OLMAZ SA OLMAZIMIZ şu oldu: Çevremizden bize acıyarak yada küçümsüyerek
yada değişik bakanları kazıdık.Çevremizdeki insanlarla sürekli iletişim halinde ve
sosyal yönümüzün gelişmiş olmasının katkısı çok büyük oldu.

Kısacası sen kendine acımazsan çocuğundan sana acımaz sadece sever.
 
herkese teşekkür ederim.paylaşımları için. bugüne kadar hiç dışlanmadan büyüdüm evlendim çocuk sahibi oldum . arkadaşlaroımı özenle seçtim. yani seçme hakkımı kullandım. ben kendimi çok şanslı bir özürlü olarak sayıyorum. ama yinede çocukların dünyasında onalrın gözüyle bakmak çok farklı . kızım daha küçük olmasına rağmen şöyle bir cümle kullandı.
dayısının da bir kızı var hadi sizi uyutalım dedik bu tutturdu beni yengem sallasın ayakta. bende ama oda kzını sallayacak dedım bana ne desin
ama anne senin ayagın agrıyor ya sen hızlı salllayamyosun. benim kara kuzum herşeyin farkında aslında .

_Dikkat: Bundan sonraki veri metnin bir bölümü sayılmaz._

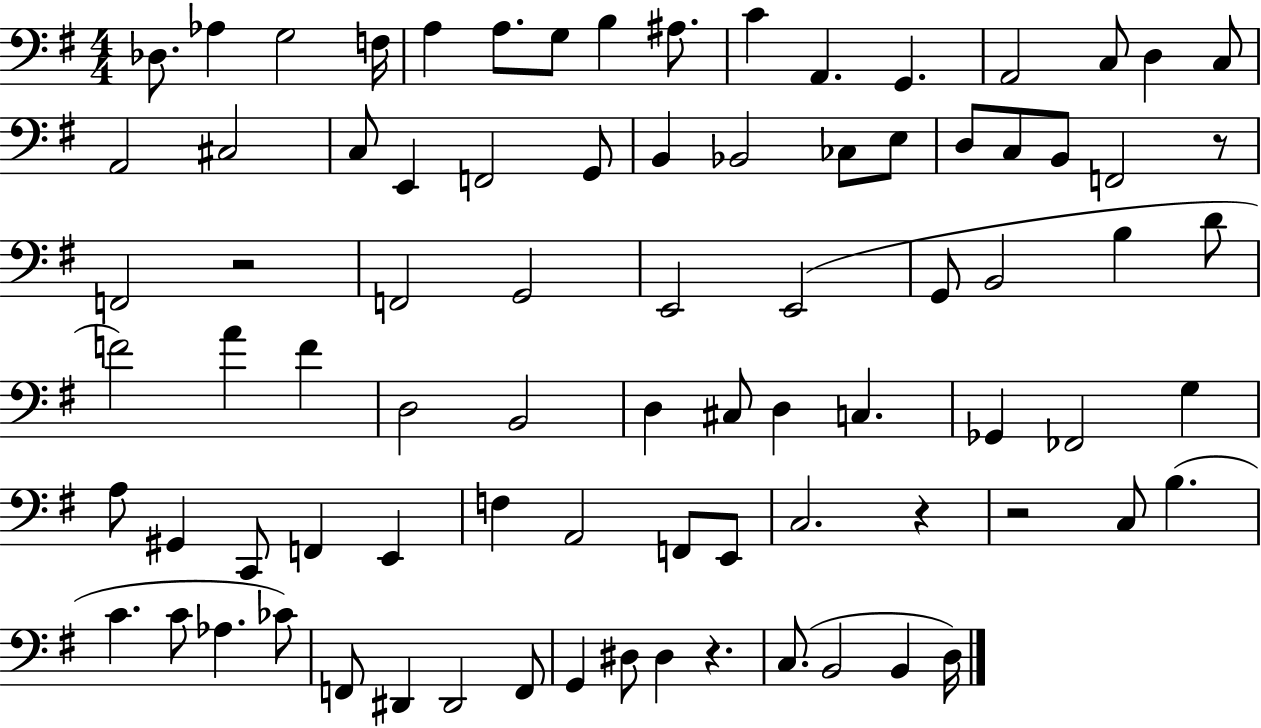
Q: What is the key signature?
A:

ileride bu farklılığı tabiki daha iyi anlayacak. ama insan hali merak etmeden olmuyor :)
 
su an ıcın kızımda hıcbır problem yok. kızım gayet uyumlu cevresı ıle hatta cevredekı bırcok cocuktan daha becerıklı konusma veya ortama uyum konusunda.
eylulde krese baslayacak. ama benım korkum kızımdan cok etrafından ona karsı sorulara veya cocukların bır tepkısı olursa o nasıl davrancak soncuta 4 yasıında bır cocuktan bahsedıyoruz. bundan sonra ılkokul var yanı artık cevresı gıderek genısleyecek. benım korkularım bunlar . yoksa kızımla gayet ıyı anlasıyorum.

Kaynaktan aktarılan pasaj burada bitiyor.